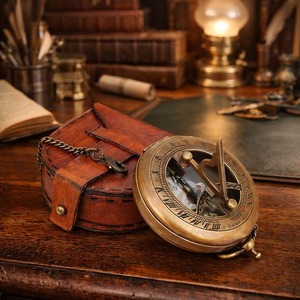 Brújula de Magnezia con Apertura a Presión y Diseño de Reloj Solar, Estuche de Cuero, Accesorio Steampunk Vintage, Regalo Único para Hombre, Hermosa Decoración Antigua Hecha a Mano - Product Image 1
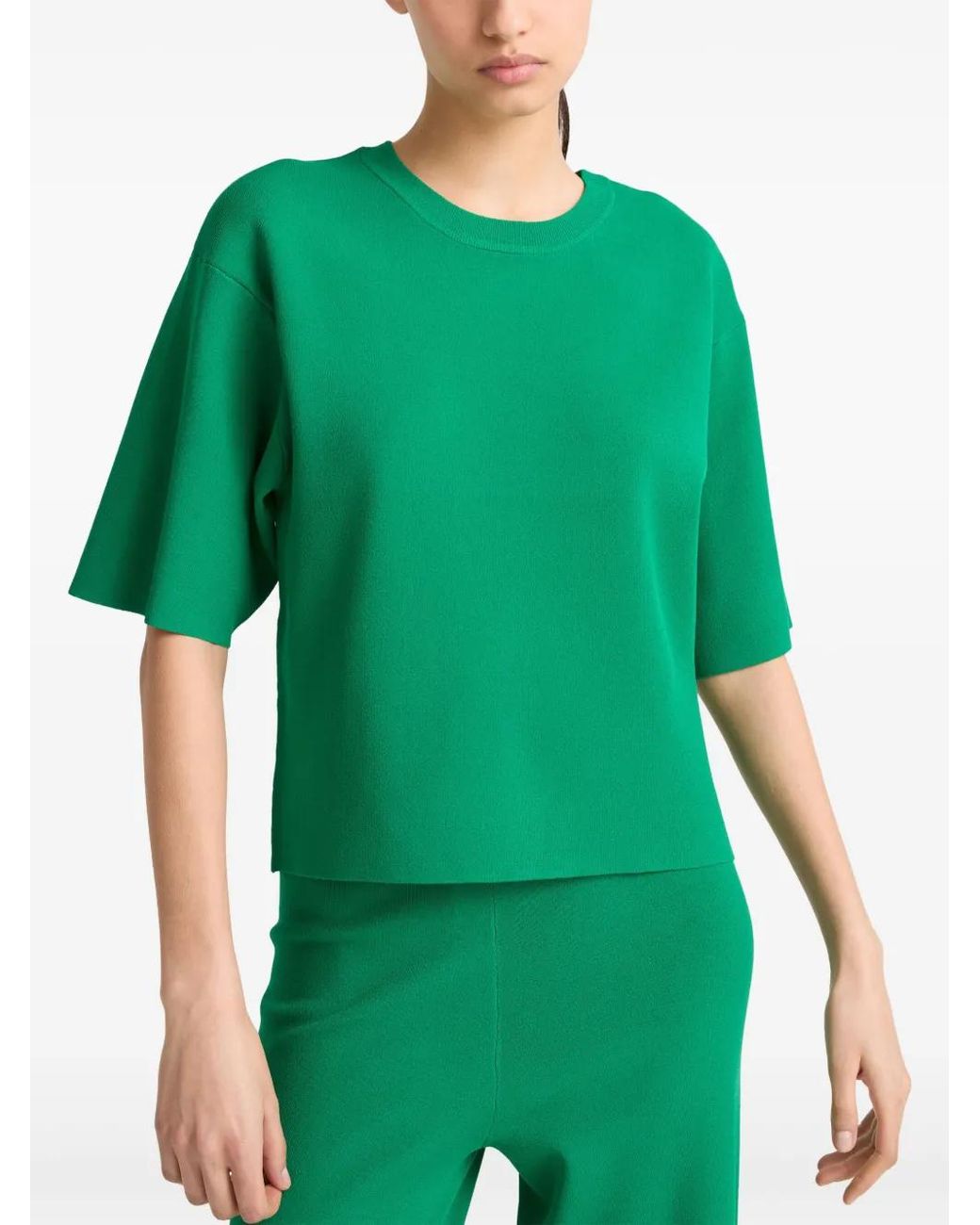 Yves Salomon Green Knitted Cropped T-Shirt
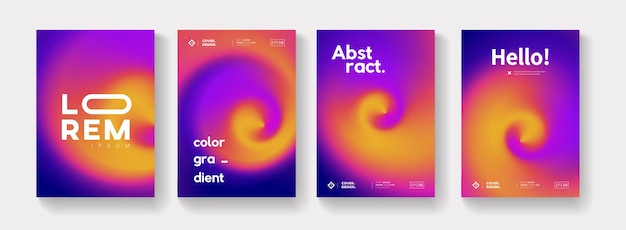 Plik wektorowy zestaw kolorowe tło gradientowe wektor wzór. nowoczesna kolekcja plakatów abstrakcyjnych.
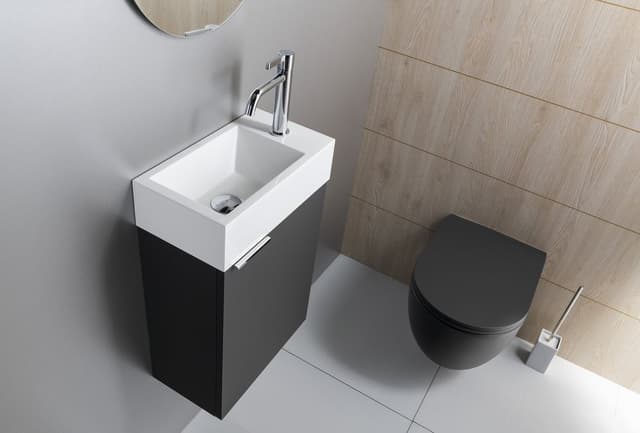 AMAROK umywalka kompozytowa 40x22cm, biała, bateria z prawej strony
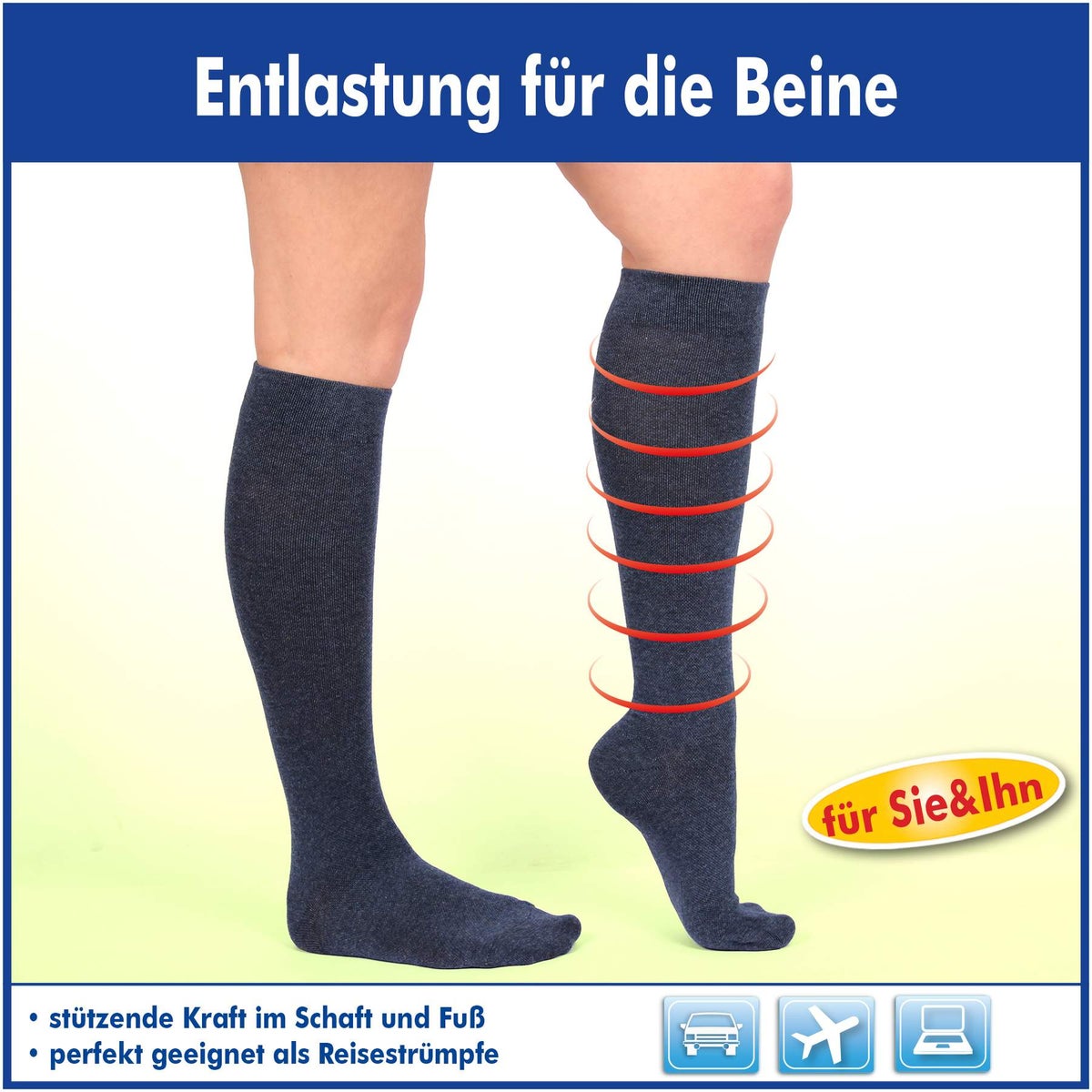 Energy Stützkniestrümpfe Unisex, jeans Größe 39-42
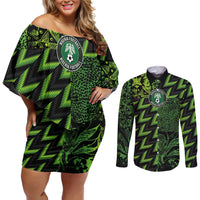 Custom Nigeria Football Couples Matching Off Shoulder Short Dress and Long Sleeve Button Shirt Super Eagles Champions - Wonder Print Shop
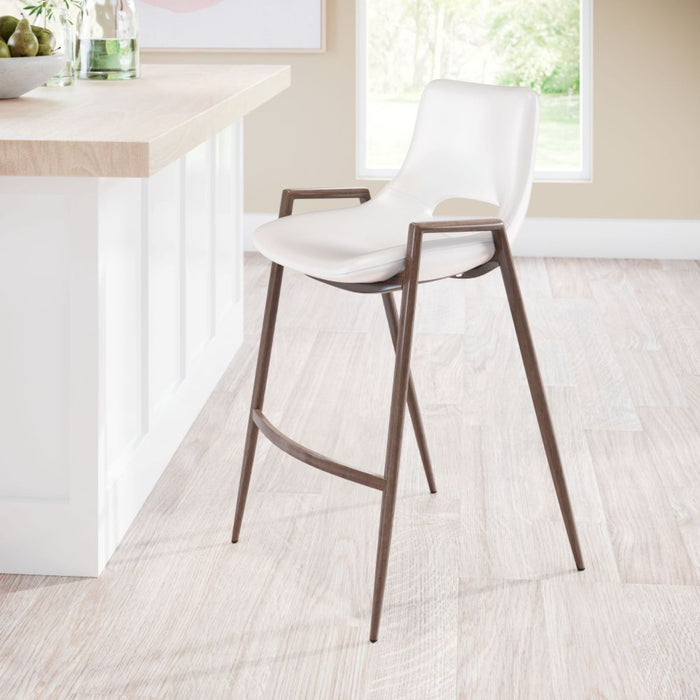 Zuo Desi Counter Chairs: 2-Piece Set in Unique White & Walnut Design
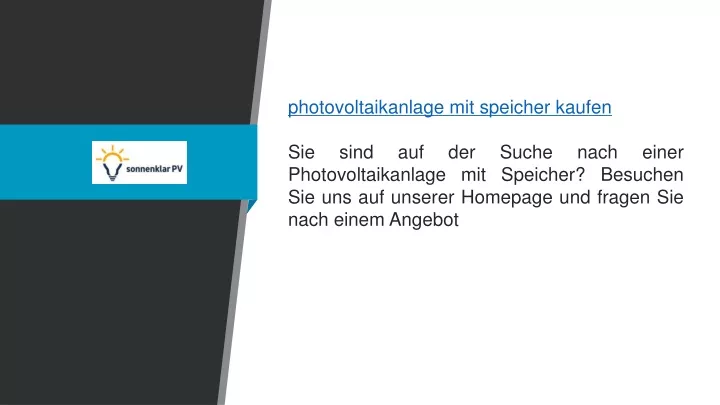 photovoltaikanlage mit speicher kaufen sie sind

====

#### [WORK REQUIRED]
Repeat every line of the data exactly, but do not include pictures.

#### [TASK RESULT]
 Brújula de Magnezia con Apertura a Presión y Diseño de Reloj Solar, Estuche de Cuero, Accesorio Steampunk Vintage, Regalo Único para Hombre, Hermosa Decoración Antigua Hecha a Mano - Product Image 1
 Yves Salomon Green Knitted Cropped T-Shirt
 Plik wektorowy zestaw kolorowe tło gradientowe wektor wzór. nowoczesna kolekcja plakatów abstrakcyjnych.
 AMAROK umywalka kompozytowa 40x22cm, biała, bateria z prawej strony
 Energy Stützkniestrümpfe Unisex, jeans Größe 39-42
 Custom Nigeria Football Couples Matching Off Shoulder Short Dress and Long Sleeve Button Shirt Super Eagles Champions - Wonder Print Shop
 Zuo Desi Counter Chairs: 2-Piece Set in Unique White & Walnut Design
 photovoltaikanlage mit speicher kaufen sie sind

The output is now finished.